*** Opening EXCERPTED RECORDS ***

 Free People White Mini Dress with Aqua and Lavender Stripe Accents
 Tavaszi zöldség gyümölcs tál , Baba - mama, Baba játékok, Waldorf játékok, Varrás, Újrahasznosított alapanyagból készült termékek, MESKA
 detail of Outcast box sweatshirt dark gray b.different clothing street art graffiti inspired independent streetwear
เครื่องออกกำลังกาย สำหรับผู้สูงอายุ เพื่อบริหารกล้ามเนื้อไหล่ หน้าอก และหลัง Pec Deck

*** Closing EXCERPTED RECORDS ***
*** Opening EXCERPTED RECORDS ***

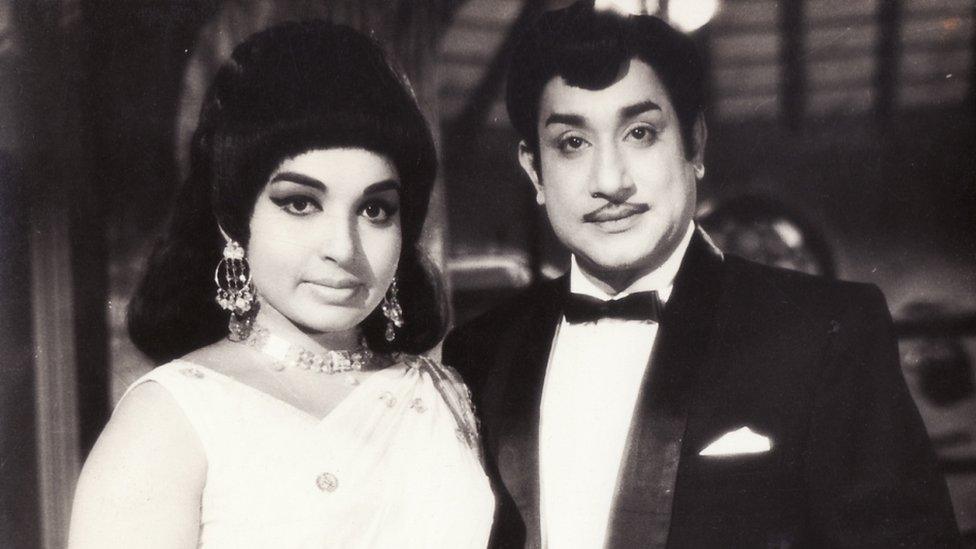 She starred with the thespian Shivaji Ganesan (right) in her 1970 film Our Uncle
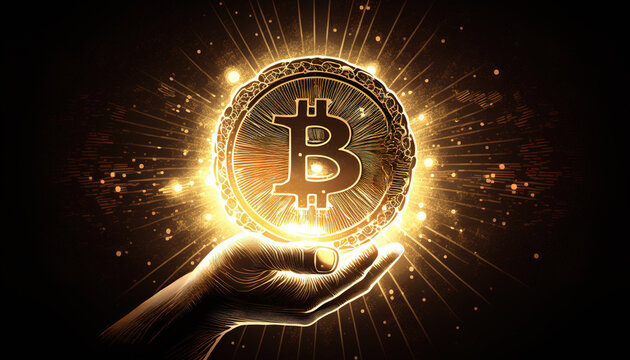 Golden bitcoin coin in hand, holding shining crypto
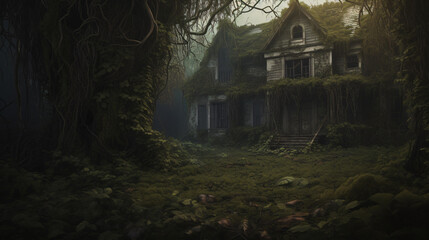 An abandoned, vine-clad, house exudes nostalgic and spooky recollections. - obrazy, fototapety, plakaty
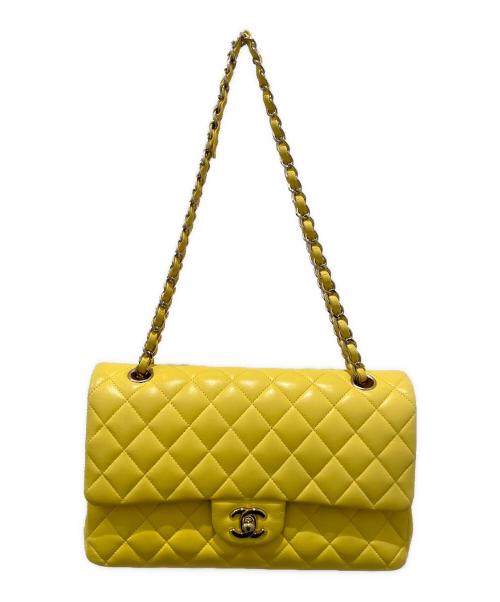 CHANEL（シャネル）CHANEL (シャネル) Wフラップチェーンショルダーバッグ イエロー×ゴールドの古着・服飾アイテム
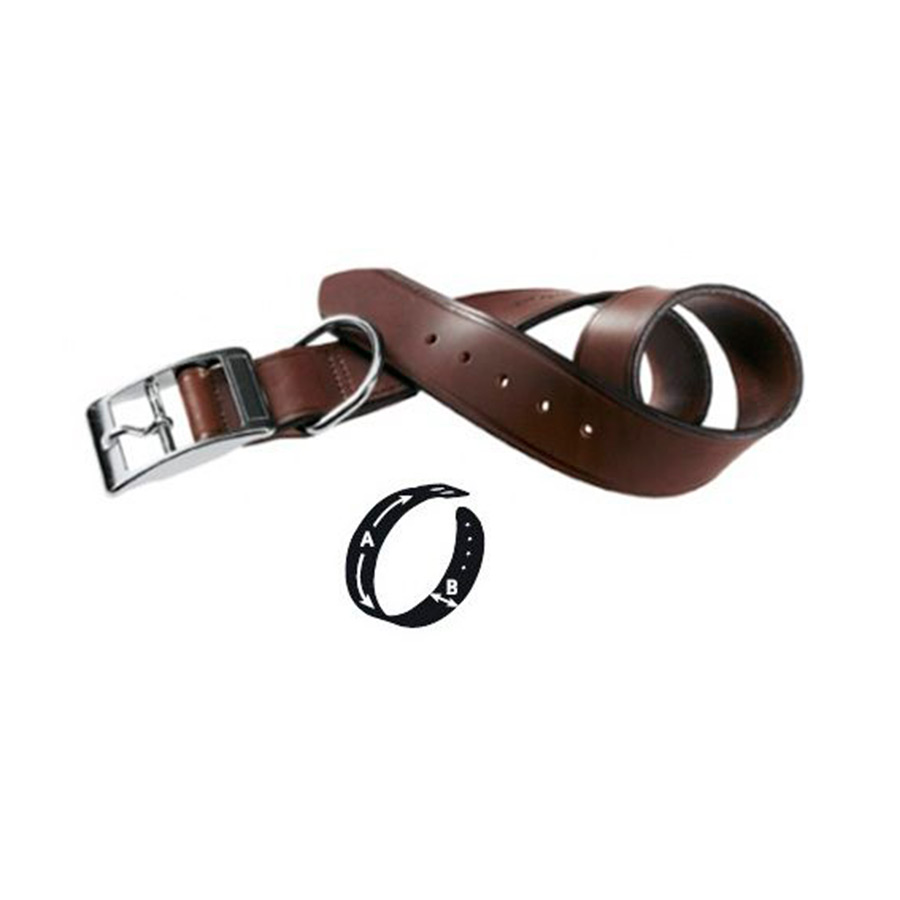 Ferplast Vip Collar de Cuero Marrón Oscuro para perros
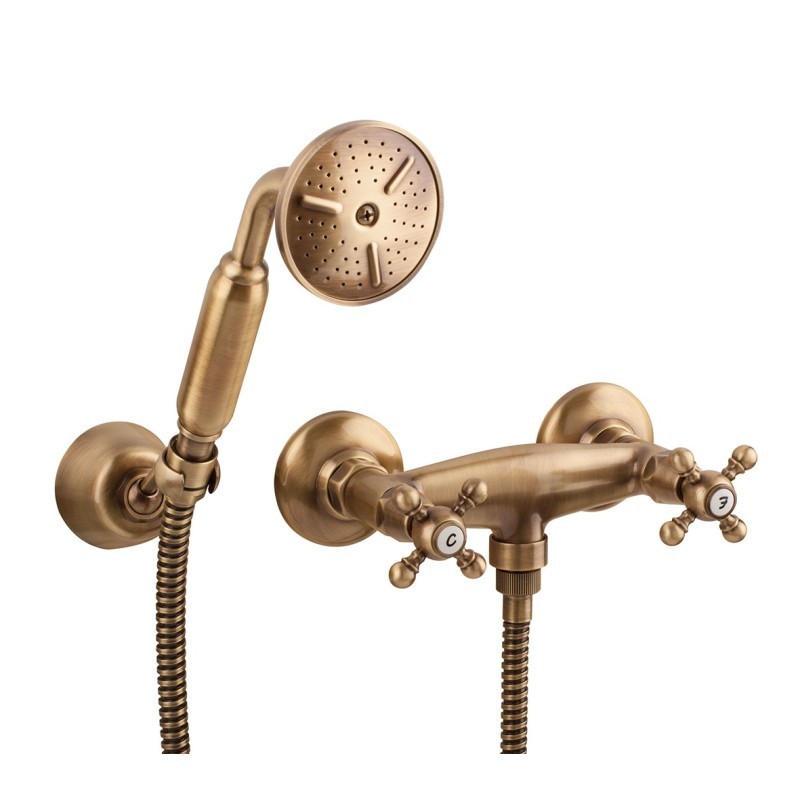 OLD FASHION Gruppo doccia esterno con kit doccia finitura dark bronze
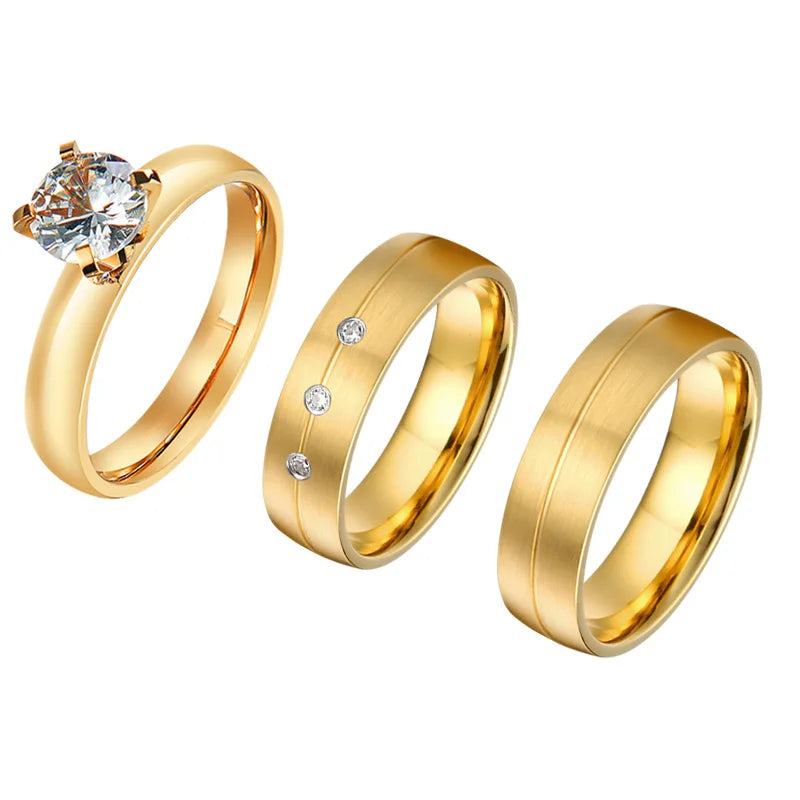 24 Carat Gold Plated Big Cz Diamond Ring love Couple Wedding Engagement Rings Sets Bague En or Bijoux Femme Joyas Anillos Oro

*** Closing EXCERPTED RECORDS ***

**WHAT YOU SHOULD DO**
Every line above from the line with "Tavaszi zöldség gyümölcs" to the line with "เครื่องออกกำลังกาย สำหรับผู้สูงอายุ เพื่อบริหารกล้ามเนื้อไหล่", inclusive, must be returned exactly; no other line belongs in the reply.

**PROBLEM SOLUTION**
 Tavaszi zöldség gyümölcs tál , Baba - mama, Baba játékok, Waldorf játékok, Varrás, Újrahasznosított alapanyagból készült termékek, MESKA
 detail of Outcast box sweatshirt dark gray b.different clothing street art graffiti inspired independent streetwear
เครื่องออกกำลังกาย สำหรับผู้สูงอายุ เพื่อบริหารกล้ามเนื้อไหล่ หน้าอก และหลัง Pec Deck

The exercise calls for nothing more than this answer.